Responsiveness results were variable across different forms of PROMIS. Poor responsiveness was found in GMH and depression. Scores within these domains may be prone to fluctuation, as an individual’s baseline mental health score may be more likely to oscillate than one’s physical function due to mood changes unrelated to TKA. Regarding the global PROMIS domains, responsiveness was more robust at later follow-up (> 6 months postoperative). Responsiveness of an outcome measurement is crucial, as the ability of that tool to discern change through the course of treatment directly augments the ability of that tool to predict outcomes. The ability of PROMIS to capture the assessment of a TKA patient’s overall health while also accurately detecting changes in their knee function further supports its use in this population.

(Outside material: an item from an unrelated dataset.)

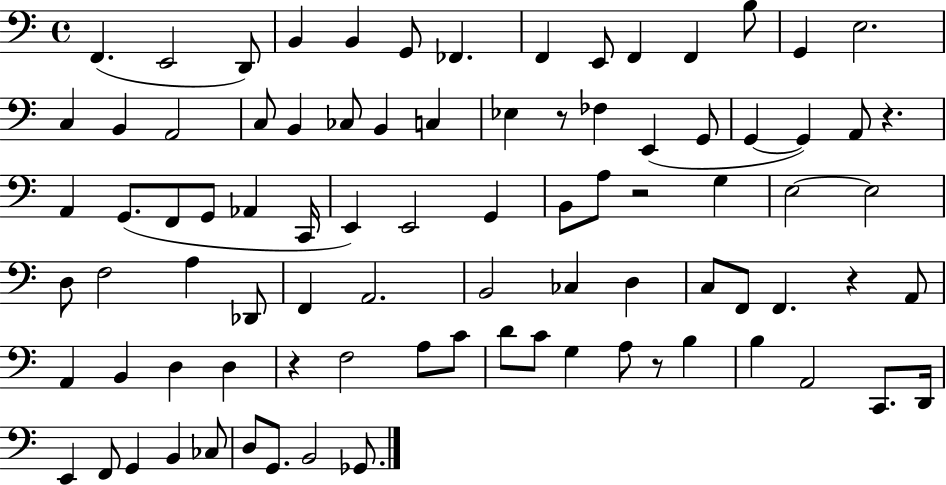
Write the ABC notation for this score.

Notably, GPH, PF, and PI had high percentages of patients reaching MCID, with PI most effectively capturing clinical improvement, as evidenced by the achievement of MCID. GMH and depression were less able to showcase clinical improvement, with only 26% and 37.2% of patients achieving MCID, respectively. No statistical differences were found between PROMIS domain and the ability of the legacy instrument to capture clinical improvement. MCID values for PROMIS domains in TKA patients are listed in Table 7, and can be used by clinicians to predict and counsel a patient on how much they are expected to improve after TKA. MCIDs are valued in patient outcomes research as they serve as a standard for treatment success. Reporting MCIDs with PROMIS scores can lead to a more meaningful interpretation of outcome scores.

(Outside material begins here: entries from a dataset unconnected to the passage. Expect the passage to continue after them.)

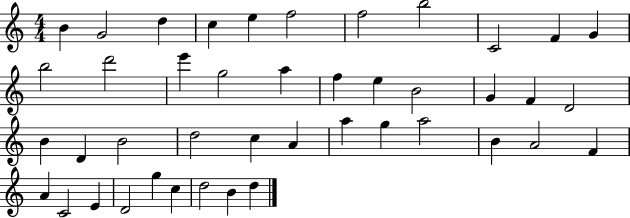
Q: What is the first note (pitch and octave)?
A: B4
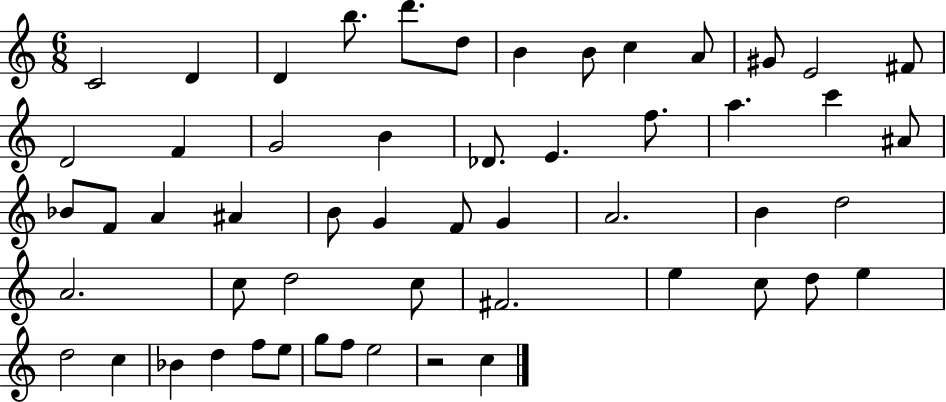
{
  \clef treble
  \numericTimeSignature
  \time 6/8
  \key c \major
  c'2 d'4 | d'4 b''8. d'''8. d''8 | b'4 b'8 c''4 a'8 | gis'8 e'2 fis'8 | \break d'2 f'4 | g'2 b'4 | des'8. e'4. f''8. | a''4. c'''4 ais'8 | \break bes'8 f'8 a'4 ais'4 | b'8 g'4 f'8 g'4 | a'2. | b'4 d''2 | \break a'2. | c''8 d''2 c''8 | fis'2. | e''4 c''8 d''8 e''4 | \break d''2 c''4 | bes'4 d''4 f''8 e''8 | g''8 f''8 e''2 | r2 c''4 | \break \bar "|."
}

There are limitations to our study. First, there was some heterogeneity among the PROMIS domains used in this study. Of the seven studies that evaluated PF and PI, four used PF and PI CAT, one used the short form, and two were unspecified. Yet despite this mild heterogeneity, scores from the various forms were comparable, likely due to the common question bank from which they were generated. Another limitation relates to the small number of patients in the analyses of correlation coefficients for some of the PROMIS domains, which could affect the potential clinical significance of the correlation coefficients. The correlation coefficient for PI to KOOS-JR was found to be 0.64, based on a sample size of 124 patients. Despite the strong correlation identified in this study, the small sample size may limit overall generalizability. Additionally, two-thirds of our included 15 studies were retrospective in nature. None used any blinding methods, which may have resulted in selection bias.

Conclusions

Our findings indicate that PROMIS forms are valid and reliable for use by knee arthroplasty surgeons and researchers to evaluate the clinical outcomes of patients undergoing TKA. Given the strengths of validity, responsiveness, ability to detect clinical improvement, and low floor and ceiling effects of both PROMIS PF and PI, we recommend those PROMIS domains be further utilized and studied in the TKA patient population, as they were found to be the most effective in this study. As a standardized method of PROM assessment, PROMIS can help create valid, reliable, and consistent interpretation of the TKA patient population across the orthopedic literature.